### RAW DATA
----

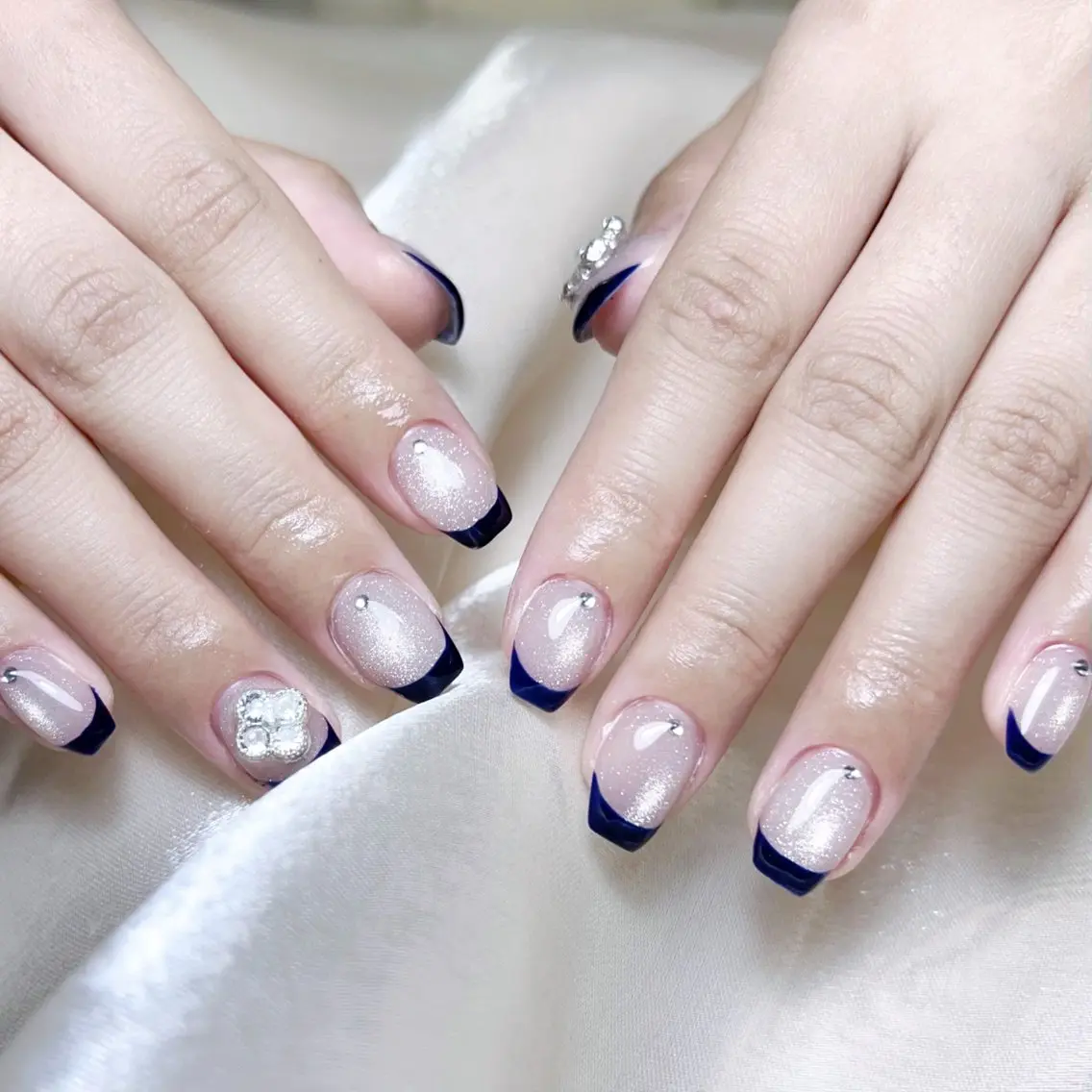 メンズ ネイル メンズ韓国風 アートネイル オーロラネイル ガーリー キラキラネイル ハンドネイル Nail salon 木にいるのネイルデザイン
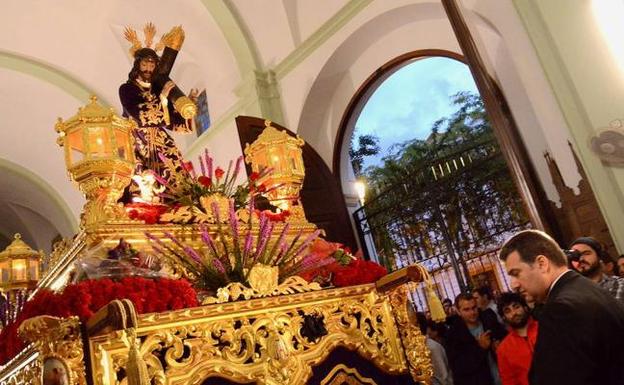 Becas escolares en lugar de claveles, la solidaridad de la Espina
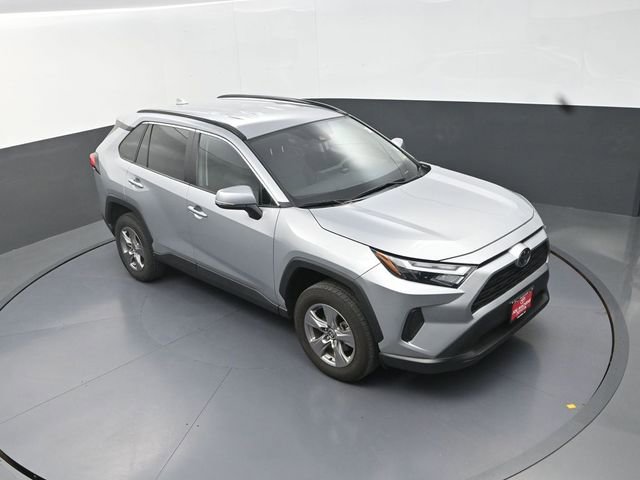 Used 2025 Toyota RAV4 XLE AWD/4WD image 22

----

Starting at the line that contains "Becas escolares en", retype each line through the final one in the listing, with both ends kept and the pictures omitted.

 Becas escolares en lugar de claveles, la solidaridad de la Espina
 Used 2025 Toyota RAV4 XLE AWD/4WD image 22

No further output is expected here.